How Janet Got Energized – A Protein Supplement Case Study
Janet is an active woman who enjoys working out regularly. The reason that Janet works out is to compensate for her love of junk food and all things fatty and bad for you. Although she often didn’t have the energy to work out, Janet would go anyway and feel drained afterward. She couldn’t understand this, because she thought that working out was supposed to provide an energy boost.
What Janet didn’t realize at the time was that she was not getting the proper nutrients in her diet, so no matter how much exercising she did, she was not going to feel better. Janet decided to talk to one of the trainers at her health club, who asked her about her diet. When she told her what her eating habits were, the trainer told her that she needed to make some drastic changes to her diet if she wanted to start feeling better and having more energy.

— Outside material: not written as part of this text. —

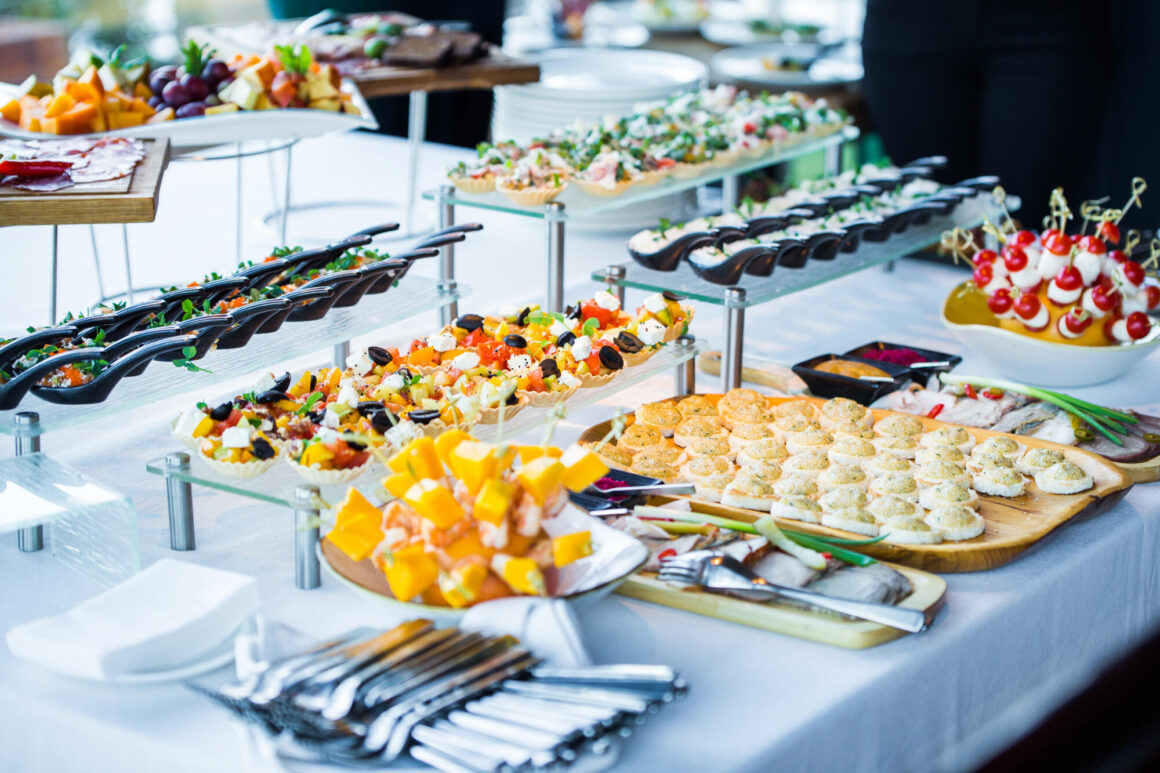 How to Elevate Your Event with Gourmet Lunch Catering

The trainer told Janet that she would need to have at least 70 grams of protein daily, and that she could get much of the protein that she needed from a protein supplement. Janet purchased some and began making protein smoothies. Because Janet is a notorious breakfast skipper, she would have these drinks in the morning. Under the advice of her trainer, Janet also began taking protein before and after working out so that she would have energy for her workouts. The protein after her workouts helped to promote muscle recovery and growth.
Soon, Janet found herself adding protein powders to many of her meals, and before long, she was noticing an overall change in her health, for the better. She had more energy and felt better after workouts than she ever had. Now, in addition to making some healthy changes to her diet, Janet uses supplements every day and plans to continue using them because of the benefits they provide.